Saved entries
──────
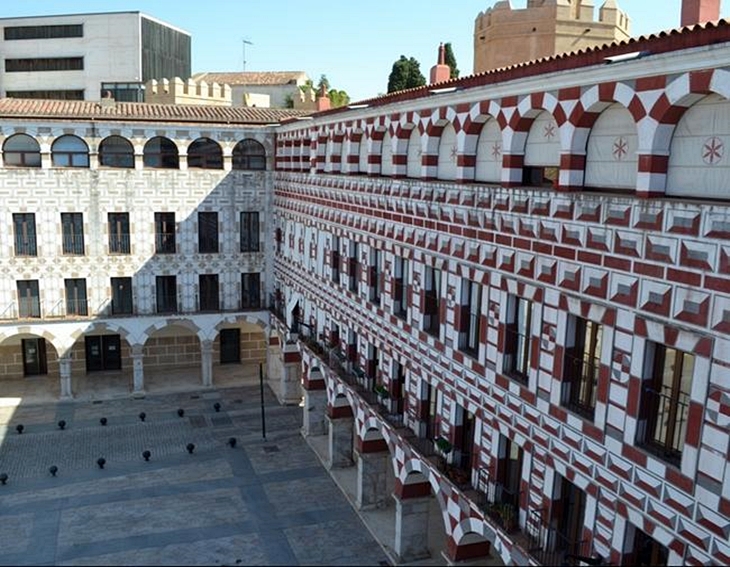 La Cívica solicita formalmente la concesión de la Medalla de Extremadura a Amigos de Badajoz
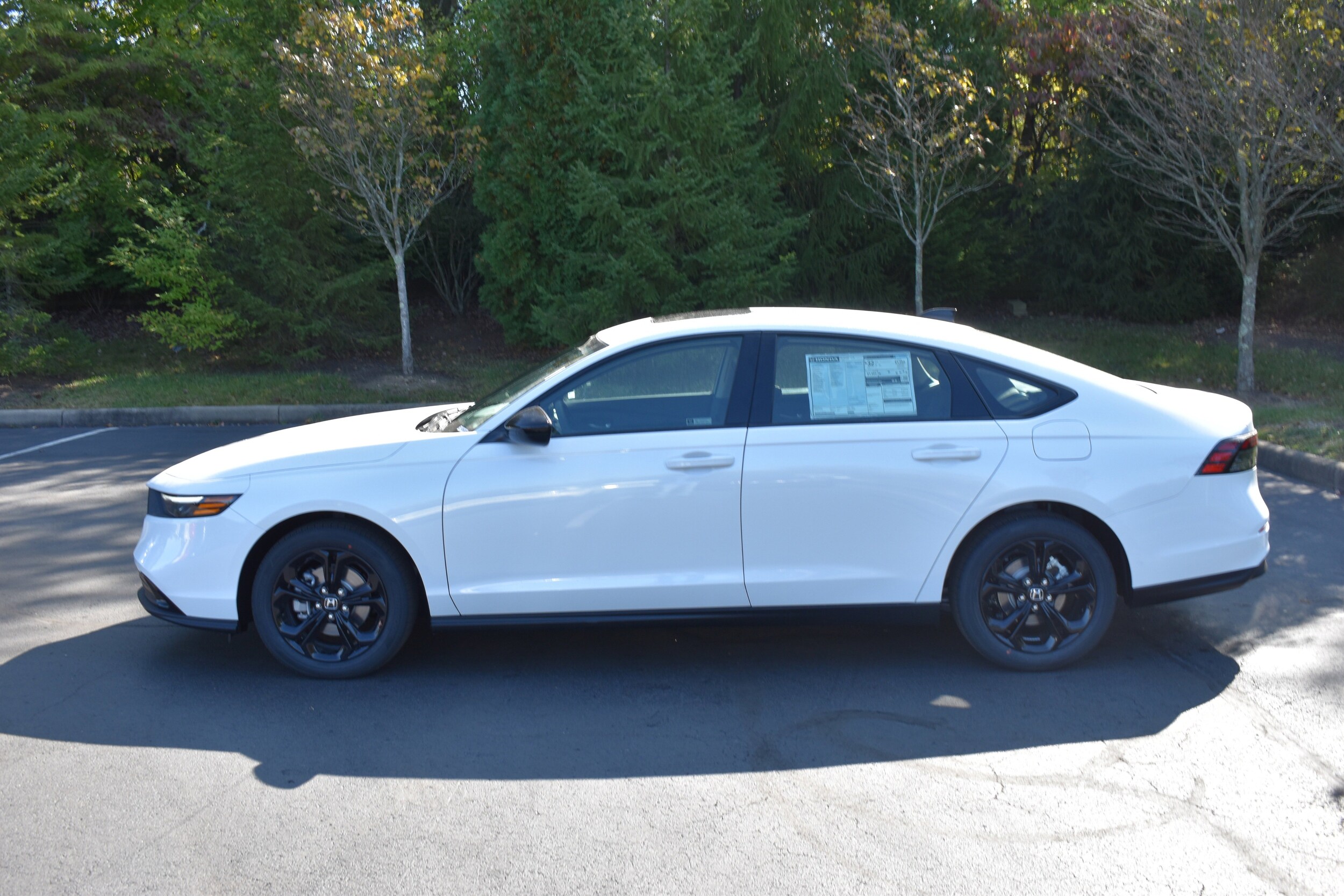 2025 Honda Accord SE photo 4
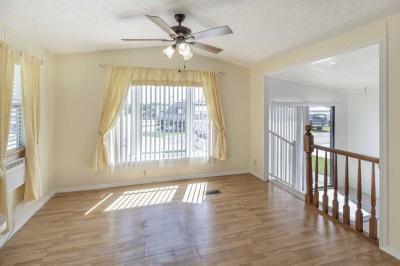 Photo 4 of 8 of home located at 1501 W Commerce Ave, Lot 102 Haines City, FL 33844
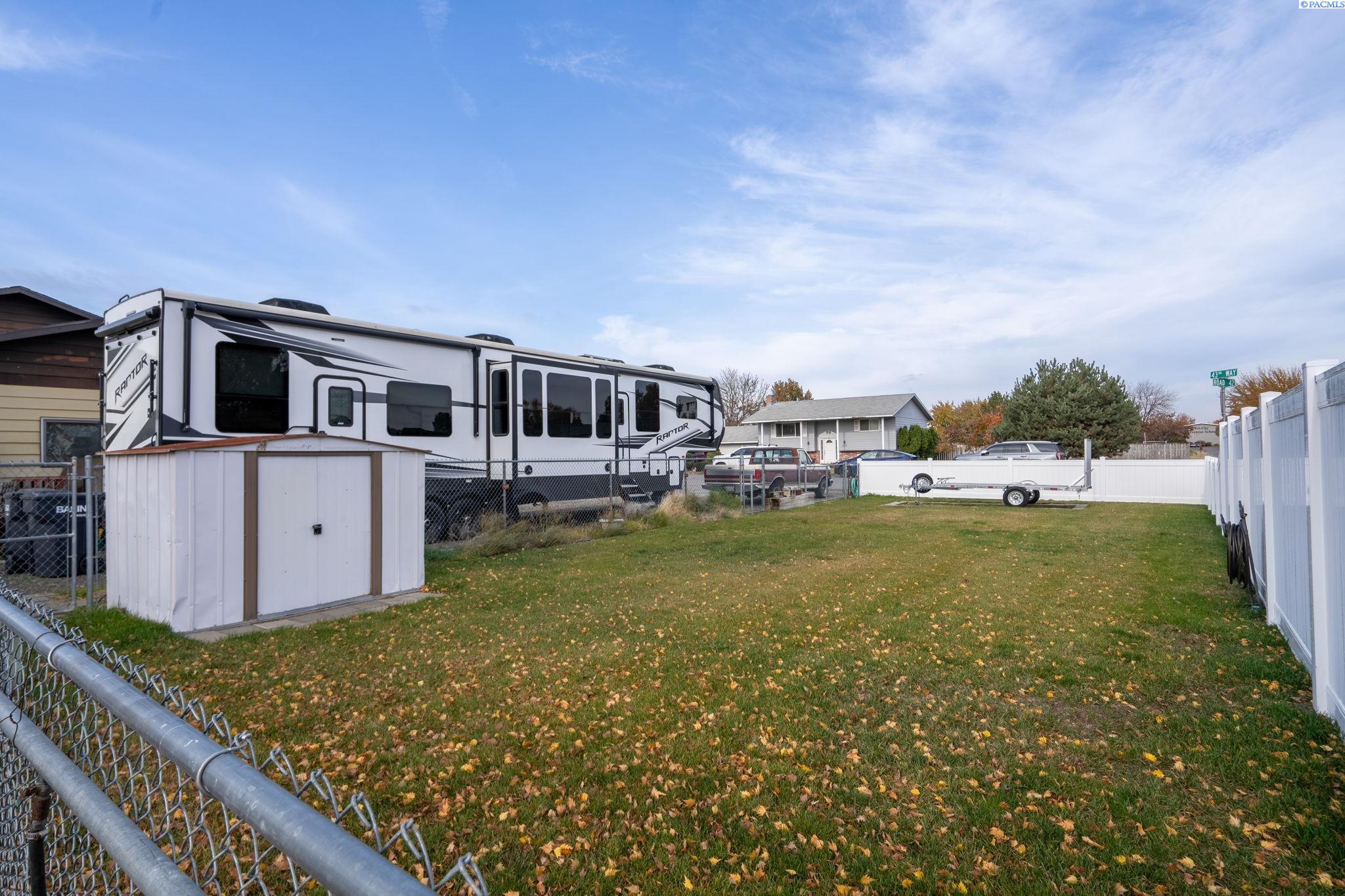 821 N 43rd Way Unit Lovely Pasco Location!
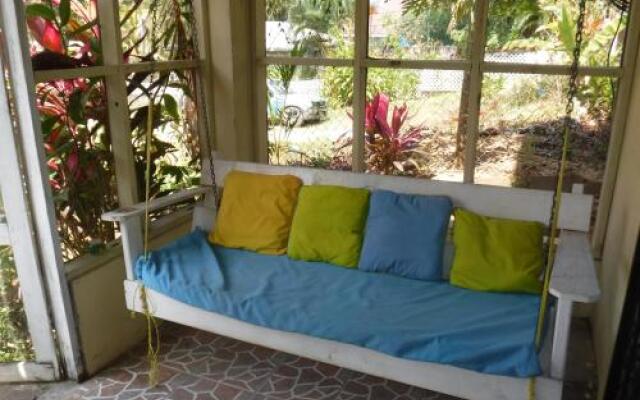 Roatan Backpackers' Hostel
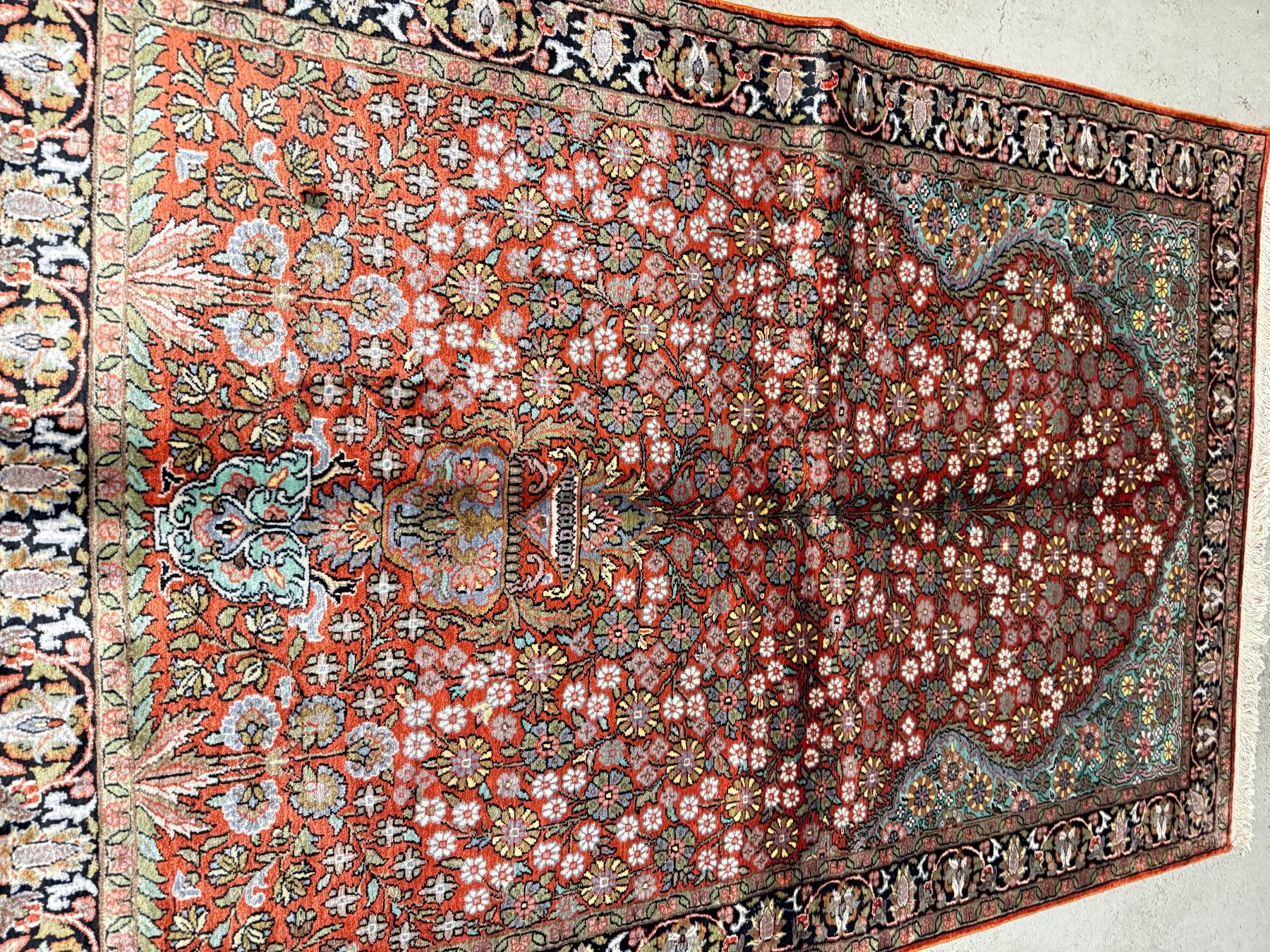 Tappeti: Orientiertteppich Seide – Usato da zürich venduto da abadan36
──────
**Instructions for the task**:
Write out the records in full and exactly, omitting the pictures they hold.

**Solution below**:
 La Cívica solicita formalmente la concesión de la Medalla de Extremadura a Amigos de Badajoz
 2025 Honda Accord SE photo 4
 Photo 4 of 8 of home located at 1501 W Commerce Ave, Lot 102 Haines City, FL 33844
 821 N 43rd Way Unit Lovely Pasco Location!
 Roatan Backpackers' Hostel
 Tappeti: Orientiertteppich Seide – Usato da zürich venduto da abadan36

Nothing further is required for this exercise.